北投温泉から陽明山温泉にも行ける。所用時間は約20分だが、バス便は1時間に1〜2本と少な目。MRT「新北投站」至近の泉源路のバス停から「陽明山」行きに乗るのが一般的。
泉質など
(新北投温泉では源泉は数カ所あり、湯質は異なる)
酸性含硫黄ーナトリウムー塩化物硫酸塩泉、pH1〜2

地獄谷は強酸性泉の温泉で、北投石と呼ばれる温泉沈殿物から自然界の約10倍の放射線を排出。日本の秋田県玉川温泉とここの温泉は泉質が唯一同じ、とのこと。源泉の温度は50〜90度前後。匂いは、金属の腐敗臭(やや硫黄っぽい)でやや塩っぽい。鉛やラジウムを含むため、体に長く密着させるのは有害。飲用不可。

ロケーション:★★
小高い丘の上に囲まれた谷間にあり、静か。
お湯のかんじ:★★
ぴりぴり(丁度いい刺激)、湯温も問題なし。
全体のかんじ:★★
源泉から流れ出る温泉川では場所次第で自分好みの湯温で足浴も楽しめる。

【北投石】
北投石は北投温泉で、1906年(明治39年)、岡本要八郎によって発見、酸性の温泉で出来る《温泉沈殿物の一種》の珍しい石。その後、強い放射能をもつことがわかり、1912年に神保小虎などにより北投石と命名された。放射能は、ラジュウムやトリュウムなどの放射性元素によるもの、だそうです。

日本では1898年、秋田県仙北郡田沢湖町玉川にある《玉川温泉》で発見された。この鉱物は、1920年(大正9年) 大橋良一により、台灣の北投温泉で発見された北投石と同じである、と認定された。 現在は特別天然記念物に指定(昭和27年3月)されている。

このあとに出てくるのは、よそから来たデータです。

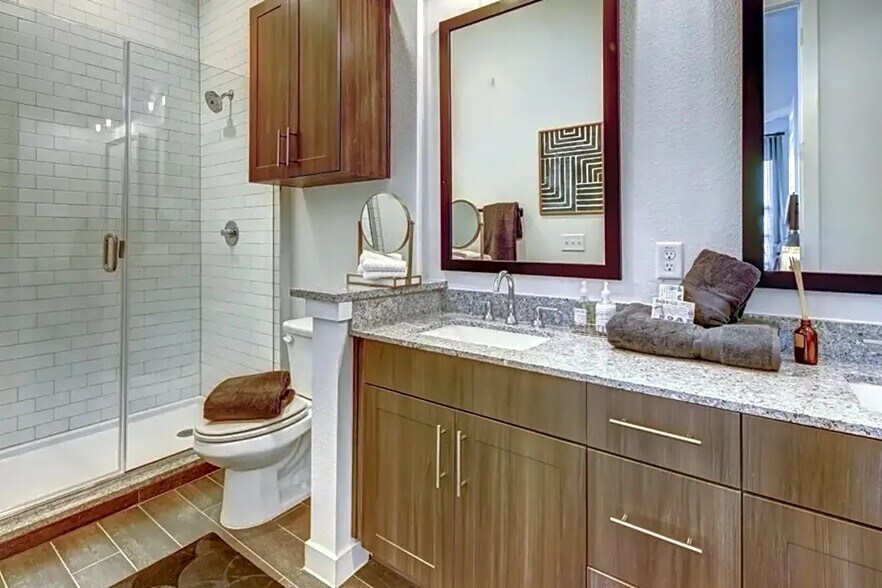 Building Photo - 221 W Lancaster Ave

北投石は、硫酸バリウムのバリウムの一部が鉛に置換された化学組成をもつ鉱物。ラジウムを含むため、放射能を出す。褐色の層(鉛を多量に含む)と、白色の層(ラジウムを大量に含む)が槽になりながら 皮殻状の縞模様をつくっている。厚さは5cm程度のものが多い。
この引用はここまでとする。